TextbookFilter
About 368 wordsAbout 1 min
2025-10-09
概述
TextbookFilter is an operator that filters data based on scores from the TextbookScorer. It uses a FastText classifier to assess the educational value of text, determining if it is suitable as educational material. The classifier is trained to identify text with educational significance, a clear structure, and accurate knowledge, making it suitable for building educational datasets.
init
def __init__(self, min_score=0.99, max_score=1, model_cache_dir:str='./dataflow_cache')init Parameters
| Parameter | Type | Default | Description |
|---|---|---|---|
| min_score | float | 0.99 | The minimum educational value score threshold for retaining samples. |
| max_score | int | 1 | The maximum educational value score threshold for retaining samples. |
| model_cache_dir | str | './dataflow_cache' | The directory for caching the scoring model. |
Prompt Template Descriptions
| Prompt Template Name | Primary Use | Applicable Scenarios | Feature Description |
|---|---|---|---|
run
def run(self, storage: DataFlowStorage, input_key: str, output_key: str='TextbookScore')Executes the main logic of the operator. It reads an input DataFrame from storage, calculates the educational value score for the specified text column, adds the score as a new column, and writes back a new DataFrame containing only the rows that fall within the [min_score, max_score] range.
Parameters
| Name | Type | Default | Description |
|---|---|---|---|
| storage | DataFlowStorage | Required | The DataFlow storage instance, responsible for reading and writing data. |
| input_key | str | Required | The column name of the input text to be evaluated. |
| output_key | str | "TextbookScore" | The column name for the generated educational value score. |
🧠 Example Usage
from dataflow.operators.text_pt.filter import TextbookFilter
from dataflow.utils.storage import FileStorage
# Prepare data and storage
storage = FileStorage(first_entry_file_name="pt_input.jsonl")

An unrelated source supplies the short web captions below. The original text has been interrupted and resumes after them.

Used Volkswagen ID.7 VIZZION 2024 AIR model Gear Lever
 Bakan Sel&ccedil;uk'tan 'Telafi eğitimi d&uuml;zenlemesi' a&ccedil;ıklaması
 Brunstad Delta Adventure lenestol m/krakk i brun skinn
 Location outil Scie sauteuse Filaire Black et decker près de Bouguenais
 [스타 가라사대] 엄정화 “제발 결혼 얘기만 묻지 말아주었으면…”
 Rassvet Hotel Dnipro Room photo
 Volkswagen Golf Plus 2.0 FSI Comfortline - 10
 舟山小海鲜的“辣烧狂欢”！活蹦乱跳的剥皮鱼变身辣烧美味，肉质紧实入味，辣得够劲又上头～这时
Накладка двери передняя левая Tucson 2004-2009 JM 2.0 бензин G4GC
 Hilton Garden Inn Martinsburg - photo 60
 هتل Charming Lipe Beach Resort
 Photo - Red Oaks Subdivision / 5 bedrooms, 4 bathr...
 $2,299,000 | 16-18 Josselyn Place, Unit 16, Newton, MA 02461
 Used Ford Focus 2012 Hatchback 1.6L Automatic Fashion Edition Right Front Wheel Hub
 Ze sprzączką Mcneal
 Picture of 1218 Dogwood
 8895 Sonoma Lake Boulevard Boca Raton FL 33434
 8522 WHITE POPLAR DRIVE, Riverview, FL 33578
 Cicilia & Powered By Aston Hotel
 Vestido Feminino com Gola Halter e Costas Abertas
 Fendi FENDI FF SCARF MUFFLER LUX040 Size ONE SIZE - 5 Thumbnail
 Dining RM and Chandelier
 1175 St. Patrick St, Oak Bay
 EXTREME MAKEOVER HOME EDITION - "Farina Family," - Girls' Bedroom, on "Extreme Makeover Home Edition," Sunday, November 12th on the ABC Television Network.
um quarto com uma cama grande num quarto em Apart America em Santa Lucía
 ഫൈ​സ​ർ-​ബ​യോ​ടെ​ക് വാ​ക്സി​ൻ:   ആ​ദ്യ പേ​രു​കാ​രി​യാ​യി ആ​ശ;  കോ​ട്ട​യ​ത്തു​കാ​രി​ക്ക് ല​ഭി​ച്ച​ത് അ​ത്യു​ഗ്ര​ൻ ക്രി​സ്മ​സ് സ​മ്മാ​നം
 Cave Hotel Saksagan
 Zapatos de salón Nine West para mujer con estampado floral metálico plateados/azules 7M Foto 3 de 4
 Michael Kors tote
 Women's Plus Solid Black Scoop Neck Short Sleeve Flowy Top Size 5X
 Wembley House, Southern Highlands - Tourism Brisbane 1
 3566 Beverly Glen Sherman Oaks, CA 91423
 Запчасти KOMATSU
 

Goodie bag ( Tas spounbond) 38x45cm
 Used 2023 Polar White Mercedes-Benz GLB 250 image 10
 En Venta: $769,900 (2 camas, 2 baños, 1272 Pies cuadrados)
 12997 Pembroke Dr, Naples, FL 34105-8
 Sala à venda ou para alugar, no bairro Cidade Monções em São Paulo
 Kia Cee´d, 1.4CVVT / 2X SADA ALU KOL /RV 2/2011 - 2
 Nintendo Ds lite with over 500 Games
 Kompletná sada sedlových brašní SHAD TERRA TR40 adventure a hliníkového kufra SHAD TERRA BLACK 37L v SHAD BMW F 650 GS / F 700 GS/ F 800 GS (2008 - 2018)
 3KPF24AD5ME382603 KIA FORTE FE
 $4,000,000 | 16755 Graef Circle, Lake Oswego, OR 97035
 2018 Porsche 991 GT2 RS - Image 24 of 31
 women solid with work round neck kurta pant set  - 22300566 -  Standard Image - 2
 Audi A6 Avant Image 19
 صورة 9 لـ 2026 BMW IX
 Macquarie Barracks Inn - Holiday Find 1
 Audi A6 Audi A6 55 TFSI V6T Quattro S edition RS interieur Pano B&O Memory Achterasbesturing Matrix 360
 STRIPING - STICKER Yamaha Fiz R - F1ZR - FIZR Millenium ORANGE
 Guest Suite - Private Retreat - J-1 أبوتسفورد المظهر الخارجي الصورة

# Initialize and run the filter
textbook_filter = TextbookFilter(
min_score=0.99,
max_score=1,
model_cache_dir='./dataflow_cache'
)
textbook_filter.run(
storage.step(),
input_key='raw_content',
output_key='TextbookScore'
)🧾 Default Output Format
The operator filters the input data and adds a new column containing the educational score. Only rows where the score is between min_score and max_score are kept.
| Field | Type | Description |
|---|---|---|
| ... | ... | Original columns from the input data. |
| TextbookScore | float | The educational value score calculated for the text in input_key. The name of this field is determined by the output_key parameter. |
Example Input:
{
"raw_content": "AMICUS ANTHOLOGIES, PART ONE (1965-1972)..."
}Example Output (assuming the score passes the filter):
{
"raw_content": "AMICUS ANTHOLOGIES, PART ONE (1965-1972)...",
"TextbookScore": 2.9629482031
}